Maßnahmen von Union und SPD haben nur ein Ziel: sie öffnen einer ungebremsten Turboverschuldung Tür und Tor, damit die Koalition keine Prioritäten bei den Ausgaben setzen und Einschnitte vermitteln muss. Durch die Kunstgriffe soll einer Schuldenpolitik ohne klare Prioritäten auf Kosten der künftigen Generationen ohne einen einzigen Mehrwert geschaffen werden.
Schulden sind keine Lösung für die Zukunft
Mit Schulden allein werden wir die Probleme nicht lösen. Das zeigt das Beispiel der Bundeswehr, die 2022 direkt nach dem Angriffskrieg von Putin mit einem Sondervermögen von 100 Milliarden Euro ausgestattet wurde. Bis heute ist hiervon gerade einmal ein Viertel tatsächlich abgeflossen. Das wahre Problem ist nicht der Geldmangel, sondern sind ineffiziente Strukturen und langwierige Bürokratieprozesse. Diese Erkenntnis muss auch auf die Infrastrukturmodernisierung übertragen werden. Mehr Geld und vor allem mehr Schulden sind kein Allheilmittel.
Forderung nach einer ehrlichen Prioritätensetzung
Anstatt also fragwürdige Projekte mit neuen Schulden zu finanzieren, braucht es eine klare Fokussierung auf zukunftsweisende Maßnahmen und tiefgreifende strukturelle Reformen. Planungs- und Genehmigungsverfahren müssen deutlich beschleunigt werden, indem Bürokratie abgebaut, verbindliche Fristen gesetzt und klare Zuständigkeiten definiert werden. Gleichzeitig dürfen öffentliche Gelder nicht in ineffizienten Verwaltungsstrukturen versickern. Stattdessen braucht es agile Prozesse und eine moderne Beschaffung, die auch innovative Startups einbindet. Investitionen müssen zudem echten Mehrwert schaffen – in Digitalisierung, Infrastruktur und Zukunftstechnologien, statt in teure Subventionen ohne langfristige Wirkung.

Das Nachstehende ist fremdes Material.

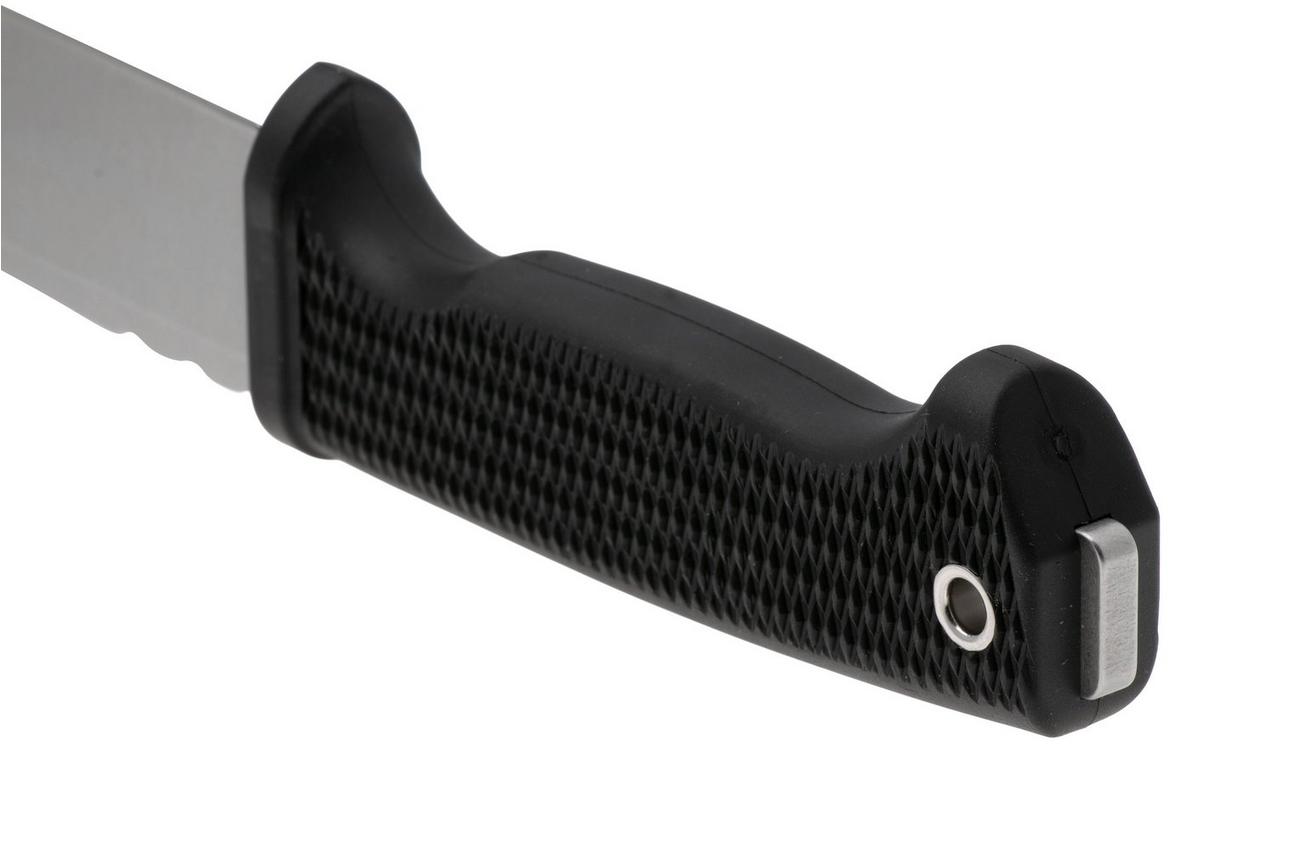 Demko Knives American Made FreeReign, Stonewashed CPM 3V Clip Point, USA-FR-3V-BLK-CLP, Black Rubber outdoormes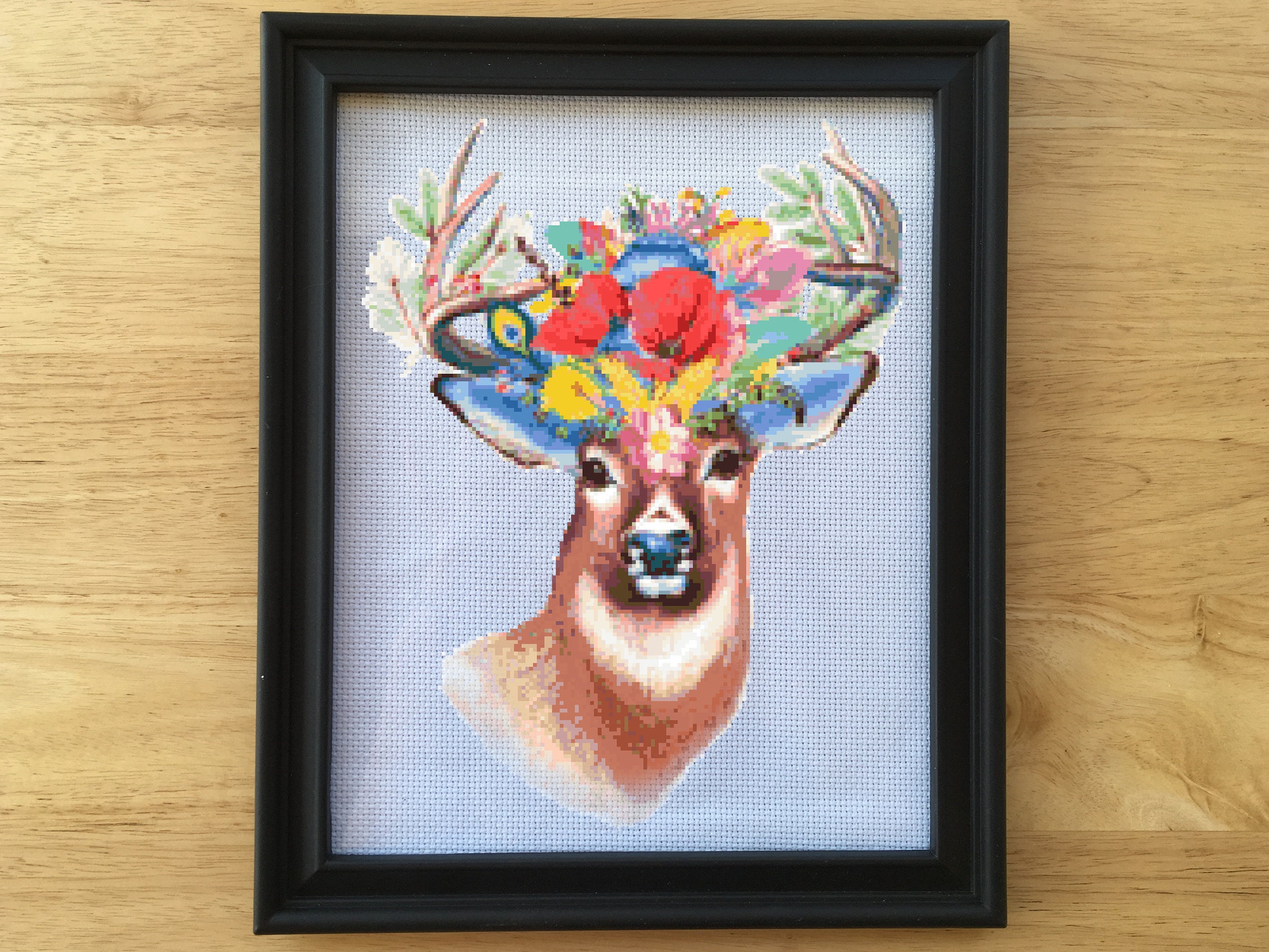 Deer Cross Stitch Kit Boho Cross Stitch Kit Floral Cross Etsy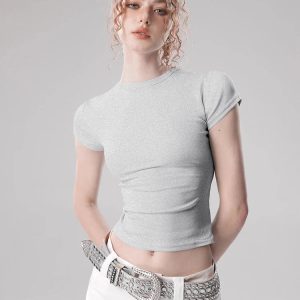 Women's Y2K Solid Color Crop Top - Cute Aesthetic Top for Coquette and Grunge Styles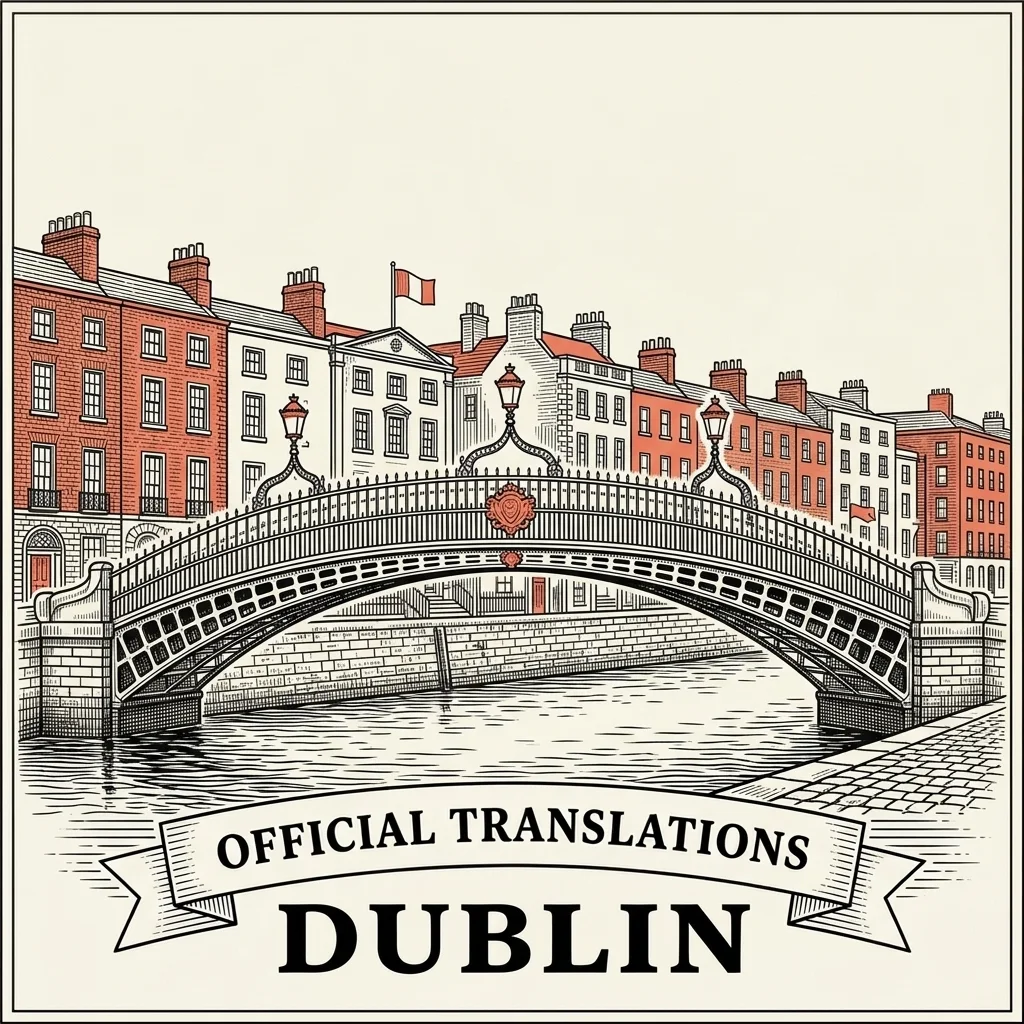 Engraved Dublin illustration &ndash; Official Translations certified translation from €29.95 per page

Doch genau diese Weichenstellungen bleiben aus. Statt mutiger Reformen wählt Schwarz-Rot lieber den bequemeren Weg. Mit dem süßen Gift immenser Schulden soll entschlossenes Handeln suggeriert werden. Und das wird langfristig nicht nur teuer, sondern gefährlich. Erst vor kurzem mahnte die Bundesbank, dass bei einer Staatsverschuldung von 100 % des BIP und einem Zinsniveau von 2,3 % die jährlichen Zinslasten um zusätzliche 50 Milliarden Euro steigen könnten. Das gefährdet nicht nur finanzielle Spielräume für künftige Generationen, sondern untergräbt auch das Vertrauen der Kapitalmärkte in Deutschland. Geringeres Vertrauen bedeutet weiteren Risiko- und Zinsaufschläge für die Refinanzierung der Schulden Deutschlands. Darüber hinaus könnte der deutschen Verschuldungsexzess negative Wirkungen auf Europa haben. Verliert Deutschland wegen galoppierender Verschuldung sein hervorragendes Rating, könnte sich dies auch negativ auf die Spreads anderer EU-Mitgliedstaaten auswirken. Ganz zu schweigen davon, dass Deutschland nicht mehr als Vorbild für solide und stabile Staatsfinanzen gelten würde.
Reformen statt Sondervermögen
Anstatt die Schuldenbremse immer weiter aufzuweichen, brauchen wir eine Politik, die auf nachhaltige Lösungen statt auf kurzfristige Finanzspritzen setzt. Die junge Generation darf nicht die Zeche für Entscheidungen der heute politisch Verantwortlichen bezahlen, indem einseitig ihre Zukunft belastet wird. Es ist höchste Zeit, dass wir in zukunftsfähige Reformen investieren, die langfristig Wohlstand und Stabilität sichern, und zwar nicht durch neue Schulden, sondern durch eine effizientere Nutzung der vorhandenen Mittel und eine nachhaltige Reform der staatlichen Strukturen.
Die Zeit für echte Veränderungen ist jetzt.